Baggy Point is a favourite of both geologists and climbers for its rugged formations of sandstone and shale. The rocks on the beach below are popular with scramblers, rockpoolers and anglers. In summer the headland is alight with vivid wildflowers, including speckled white sea campion, clumps of pink thrift and carpets of brilliant yellow and pink Hottentot figs. This is an exotic species brought to the south west by Victorian gardeners who had no idea that it would run riot around the coastline, suffocating more delicate native plants. A hundred years later, Hottentot fig is one of a number of decorative but invasive species that conservationists are having to take steps to bring under control, along with others such as rhododendron, Japanese knotweed and Himalayan balsam.
Above the plunging cliffs at the end of the point there is a grassy plateau high above the water: a good place to sit and watch for the seals that can sometimes be seen on the rocks at low tide. Occasionally in the summer you might catch a glimpse of dolphins and porpoises. Seabirds such as cormorants and shags nest here too, and black curly-horned Hebridean sheep graze on the hillside above, brought in as part of a conservation strategy to keep the scrub at bay.

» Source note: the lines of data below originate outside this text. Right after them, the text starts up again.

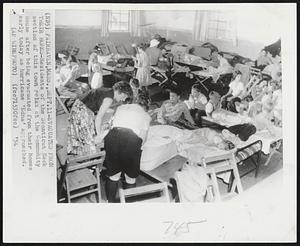 Evacuated From Their Homes-Residents of the Sconticut Neck section of this town relax at the Community House after being evacuated from their homes early today as hurricane 'Edna' approached.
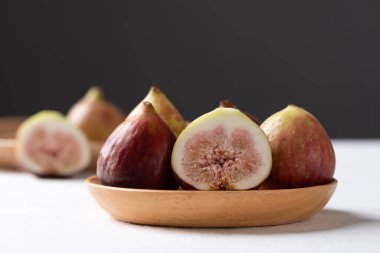 Tahta tabakta taze incir, beyaz ve siyah arka plan, sonbahar meyvesi.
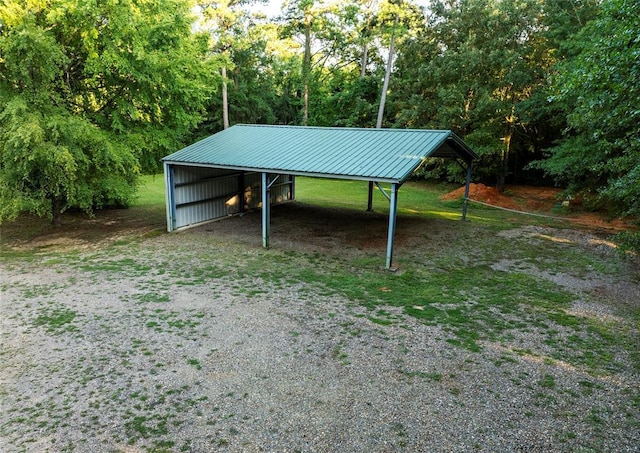 exterior space featuring an outbuilding, driveway, an outdoor structure, and a detached carport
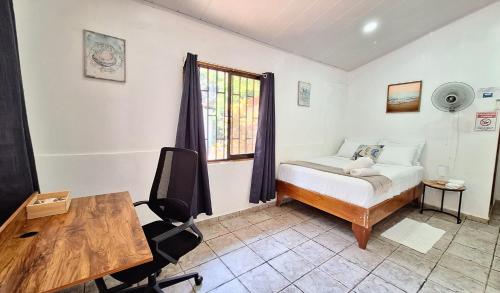 a bedroom with a bed and a desk and a window at Oceanic Playa Matapalo in Matapalo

Baggy Point was one of local author Henry Williamson's favourite places. It features more than once in his most famous book, 'Tarka the Otter'. The novel tells the tale of an otter's life in various waterways throughout North Devon. The celebrated Tarka Trail travels 180 miles over footpaths and cycleways linking some of these locations. The route around Baggy Point is part of the Tarka Trail as well as the South West Coast Path. Williamson did much of his writing in a hut he built himself of elm boards, planting a grove pine trees around it. The hut is preserved just a few miles away at Ox's Cross, perched on a hill above the tranquil thatched village of Georgeham. In Georgeham itself the thatched cottage near the church that he rented for £5 a year in the 1920s still bears the name that he gave it, Skirr Cottage.
- Reaching the point from either route, follow the path around to the right, climbing past the white post to carry on along the path towards Putsborough Sands, ignoring the small paths leading away in both directions. Coming to the path down to Putsborough Sands, detour to visit the beach but otherwise carry on ahead to the road.
The white post beside the path is a wreck post, once used as a substitute mast in practice rescues. When the sea was too rough to launch a lifeboat to save the passengers and crew of a ship going down, a small cannon was used to fire a rocket across the water to it, carrying a double line and pulley. With the landward end of the rope anchored to a frame in the ground, the ship's crew tied their end to the mast, and a harness (‘breeches buoy’) was sent to the ship to enable rescuers to haul the men ashore, one by one.
- Turn right on the road above Putsborough Beach to pick up the footpath on the right, heading gently uphill through the fields to where it forks, just after a sharp left-hand bend.
- Fork right to follow the path downhill to where it comes out on Moor Lane beside Ruda Holiday Park. Turn right on the road to return to the car park at start of the walk.
Croyde (all facilities); Putsborough (seasonal refreshments); Croyde Bay (refreshments).